### Your task
In the entries below, find the line with "Toalha de Banho" and the line with "bellville high school drug testing plan"; reproduce those two lines and all lines between them exactly, without pictures.
☆ ☆ ☆ ☆ ☆ ☆ ☆
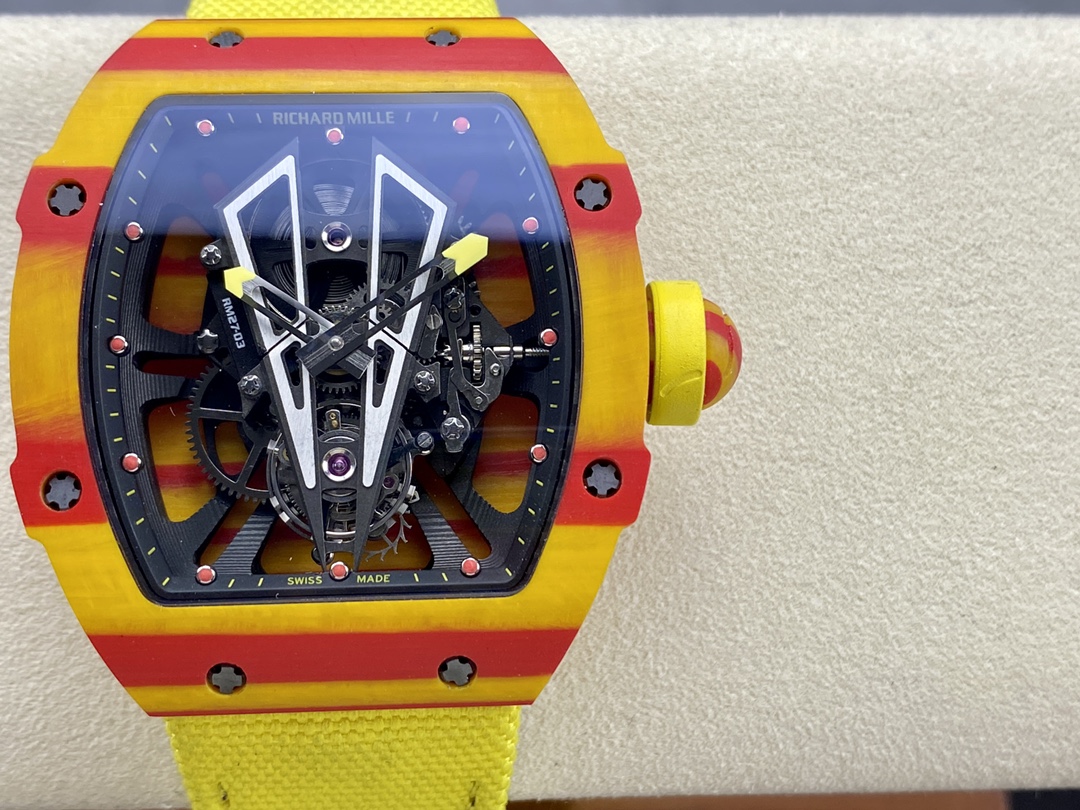 【7A Quality】Best Swiss Replica Richard Mille RM 27-03 Red Yellow Carbon Fiber Watch
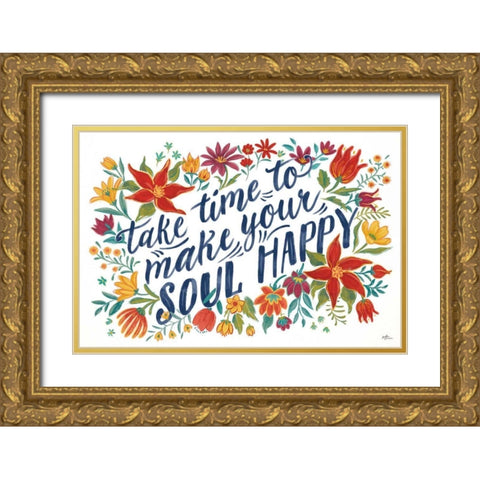 Happy Thoughts I White Gold Ornate Wood Framed Art Print with Double Matting by Penner, Janelle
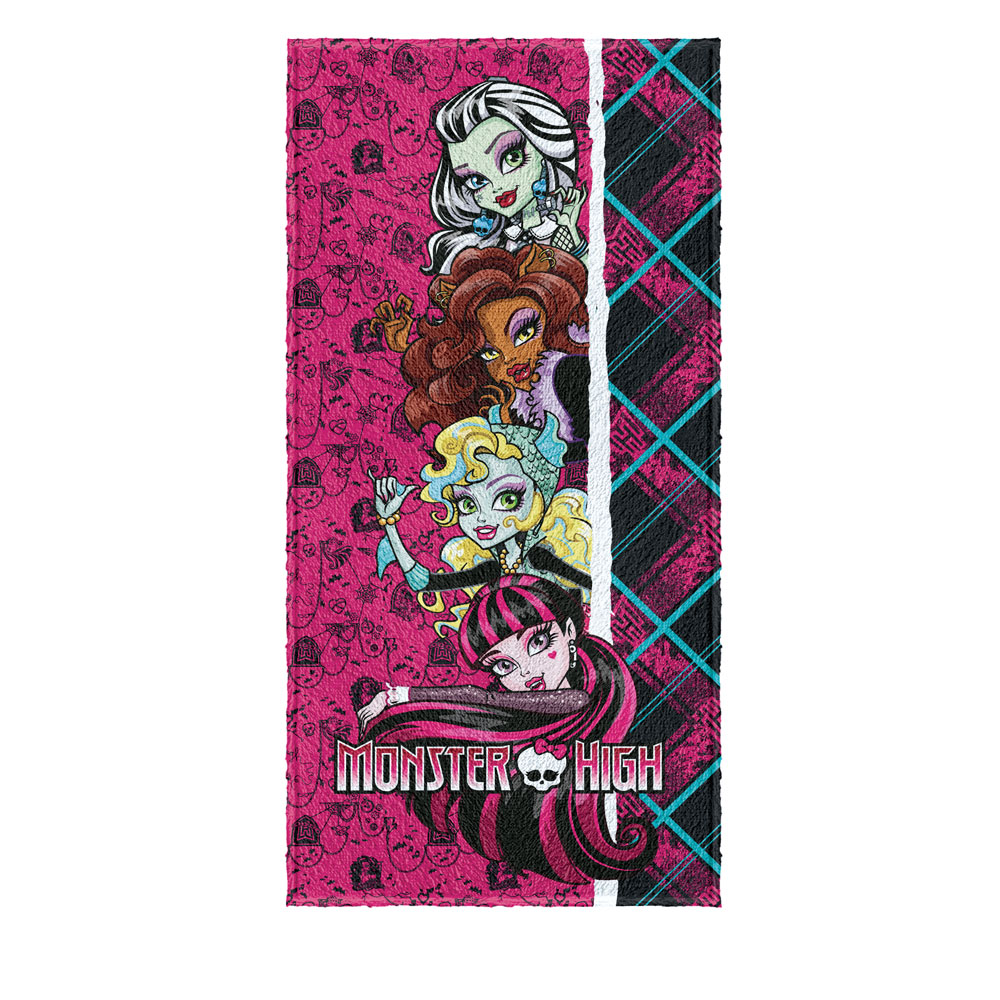 Toalha de Banho Felpuda Estampada Monster High A
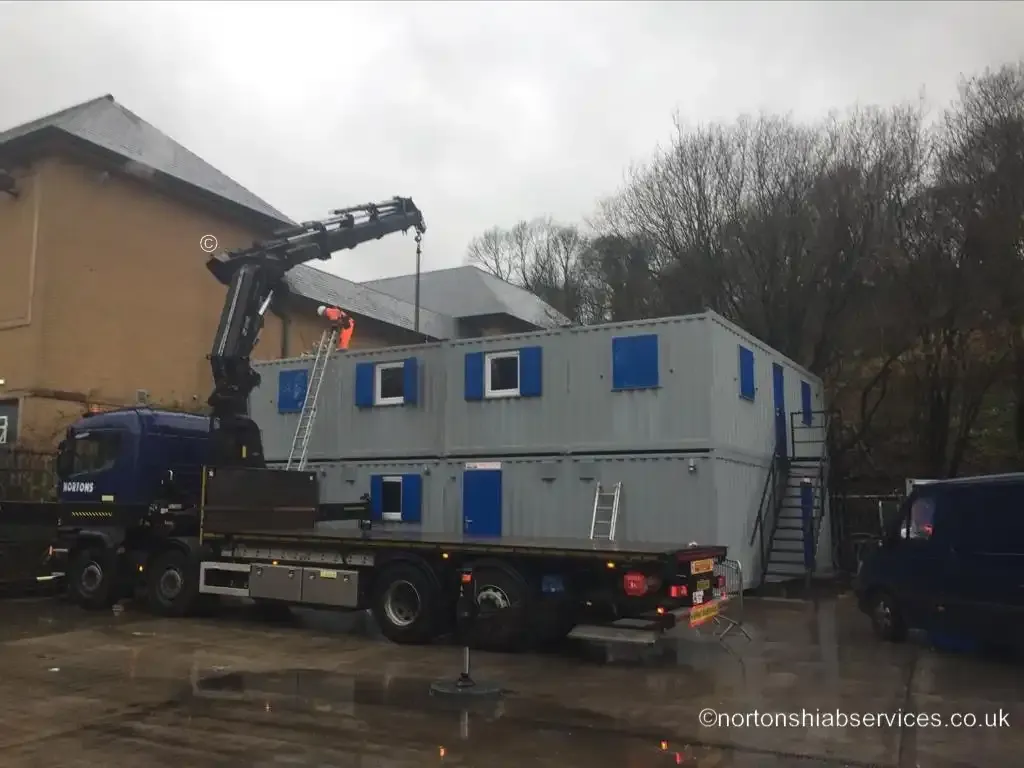 Nortons hiab installing portable cabins on a site at Glossop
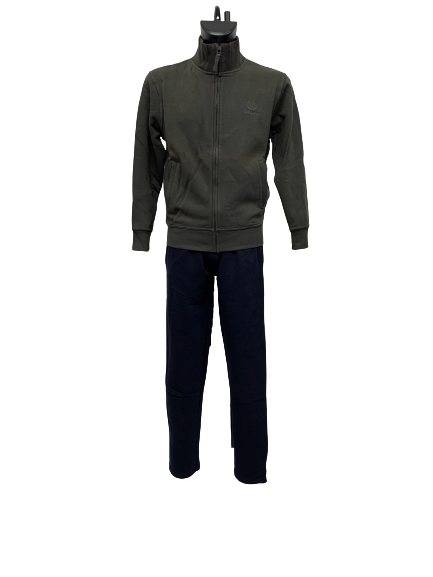 Tuta in Felpa 903036C Be Board Taglie Forti Giacca Grafite Pantalone Blu - Blocco94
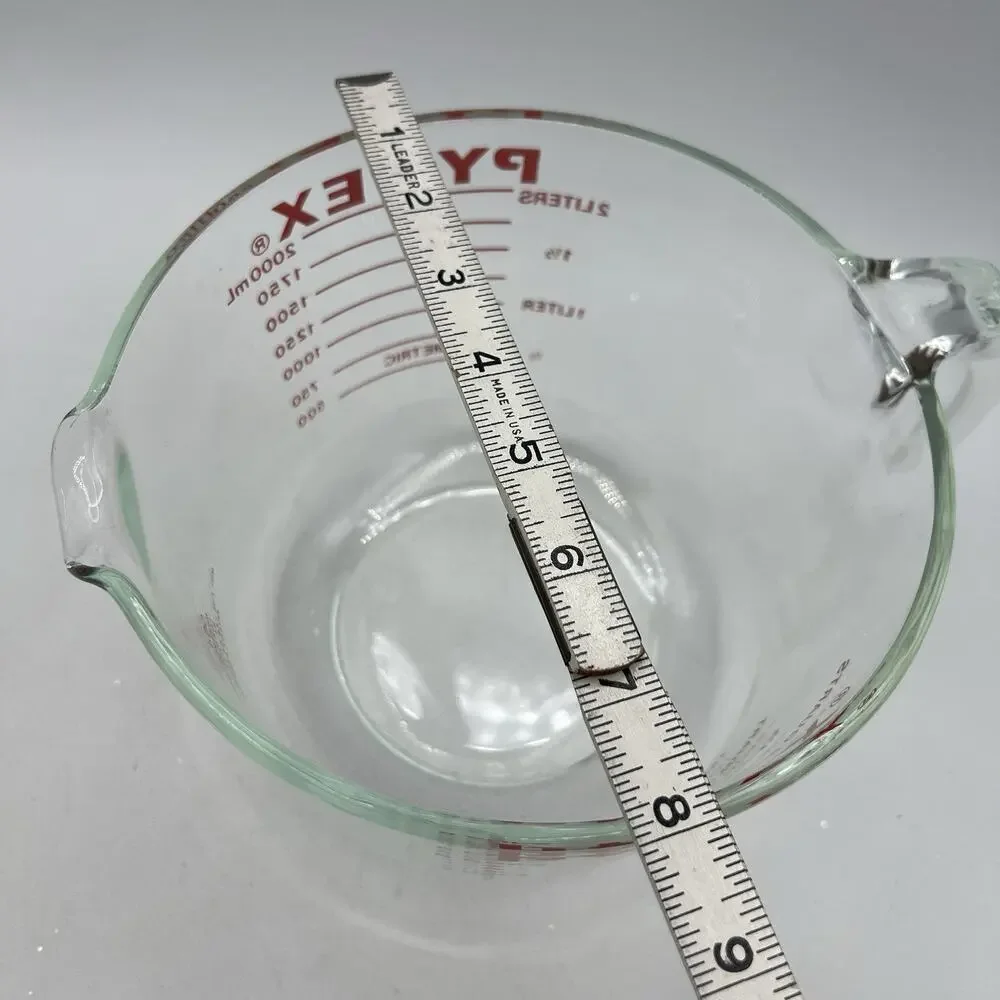 Vtg PYREX 8 Cup Clear Glass Measuring Cup #564 Red Lettering 64 oz USA J Handle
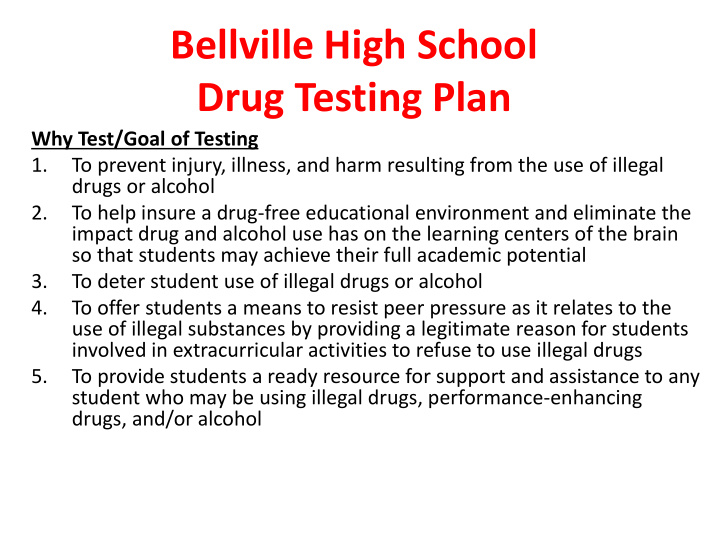 bellville high school drug testing plan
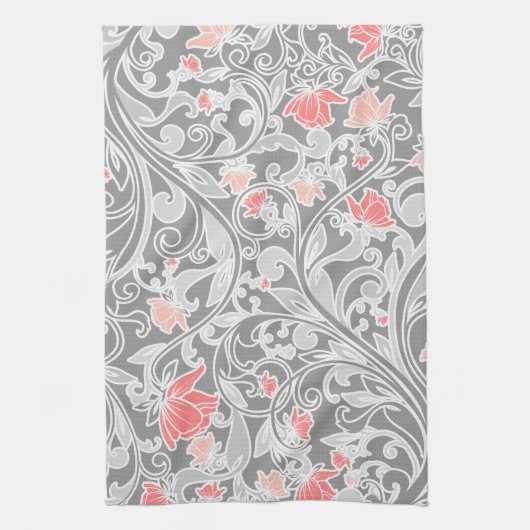Trendy Roze en Grijs Swirly Floral Theedoek (Verticaal)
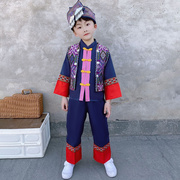 三月三民族服装儿童，广西少数民族壮服男童，演出服六一节表演服夏季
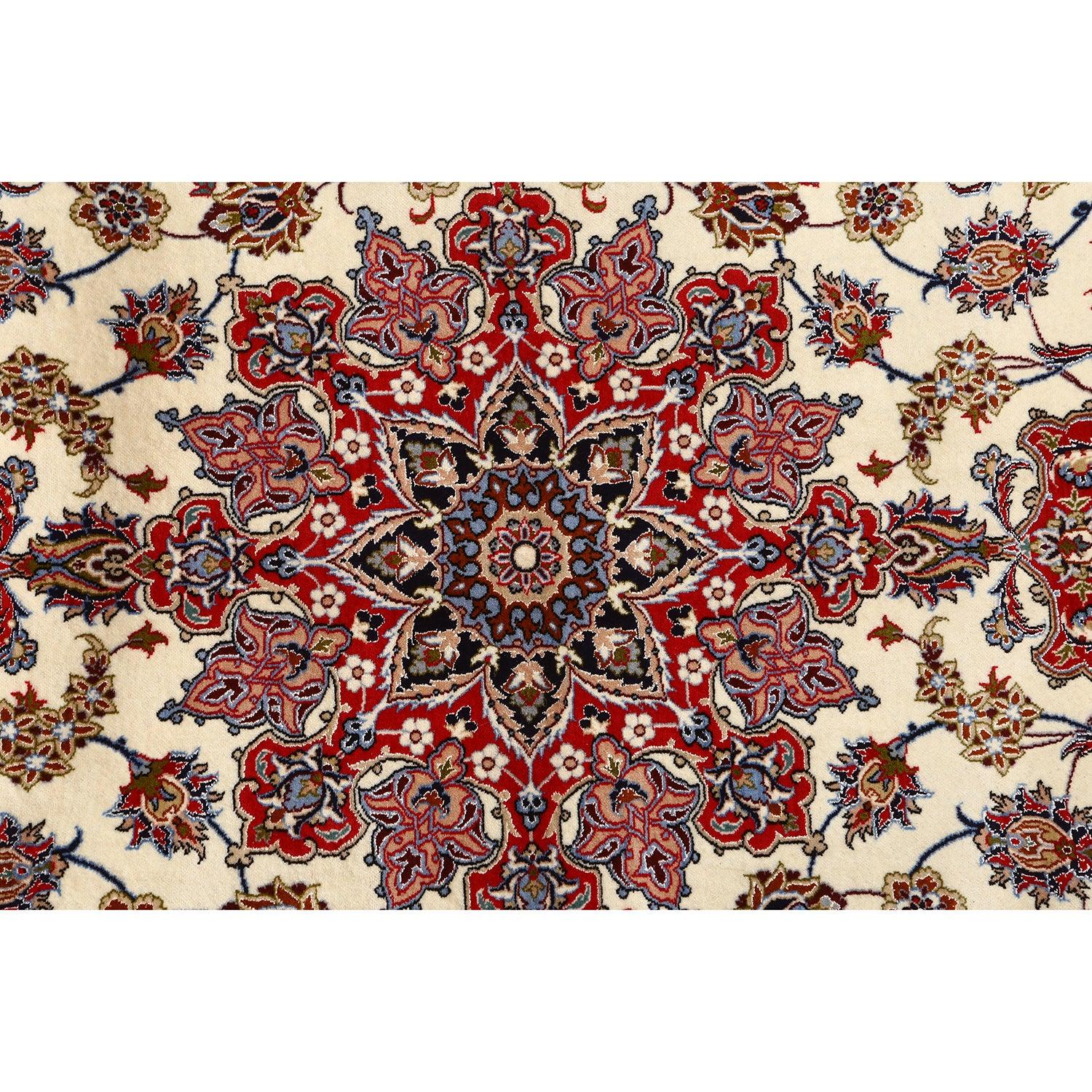 Annodato a mano Tappeto New Persian Isfahan in kork e seta - Dimensioni: 6'9 X 10' in vendita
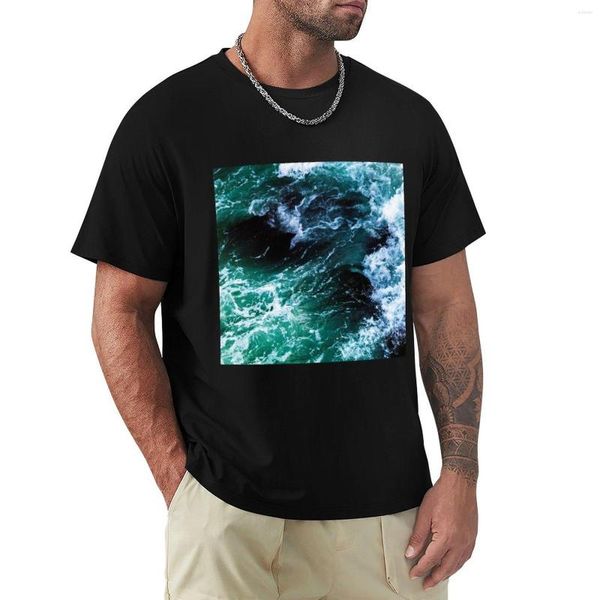 Polos masculinos azul oceano verão praia ondas camiseta oversized camiseta fãs de esportes camisetas de manga curta curta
☆ ☆ ☆ ☆ ☆ ☆ ☆
### Output below
 Toalha de Banho Felpuda Estampada Monster High A
 Nortons hiab installing portable cabins on a site at Glossop
 Tuta in Felpa 903036C Be Board Taglie Forti Giacca Grafite Pantalone Blu - Blocco94
 Vtg PYREX 8 Cup Clear Glass Measuring Cup #564 Red Lettering 64 oz USA J Handle
 bellville high school drug testing plan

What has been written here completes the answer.